RAICHUR: In Annapoorna’s lap, a nine-month-old child lies deep in slumber. Eight months ago, the young mother lost her husband to alcoholism, only six years into the marriage.Braving the scorching heat of Raichur that hovers between 390C and 410C, Annapoorna sat on a dharna for 71 days starting February 20 — International Day for Social Justice — demanding prohibition on sale of liquor.
She is among the many women in Raichur who have been campaigning against its sale for two years, but their appeals have fallen on deaf ears. Therefore, they decided to up the ante and women who are part of Rajya Mahila Okkoota and Gramina Kooli Karmikara Sangha have organised this sit-in in front of the Gandhi statue to catch the attention of political parties campaigning for the coming polls.
Mokshamma, who leads the group, explains why they have united against liquor: “Alcohol is destroying rural India.
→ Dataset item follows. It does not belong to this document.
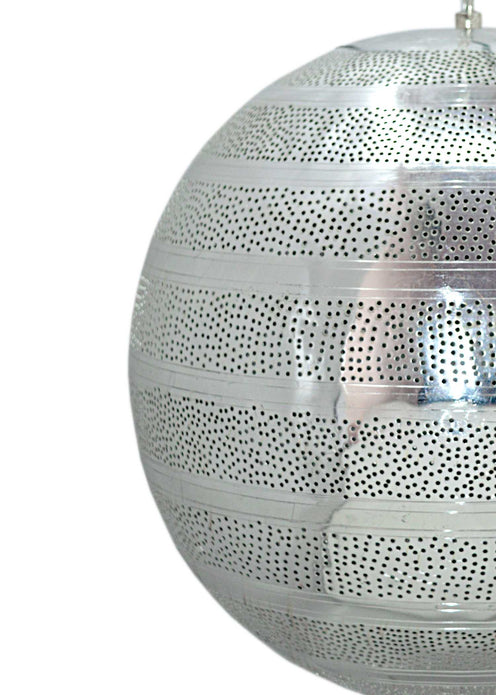 Morrocan Silver Ball Lantern Style Pendant Lamp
It causes poverty, illnesses, domestic violence, sexual abuse, rape, rape of children, accidents… the absolute collapse of poor families.” She is breathless and loud from agitation. The women have heavily invested in this. They cooked at the sit-in site with pulses and vegetables brought from houses of other affected women.
It is not easy to sit waiting under the blazing sun but Basamma says that women are willing because they suffer every day at the hands of drunken husbands. “We are hell bent on the ban. The next government should listen to us. We will make them listen,” she says, though she adds that none of the political parties have included liquor ban in their election manifesto.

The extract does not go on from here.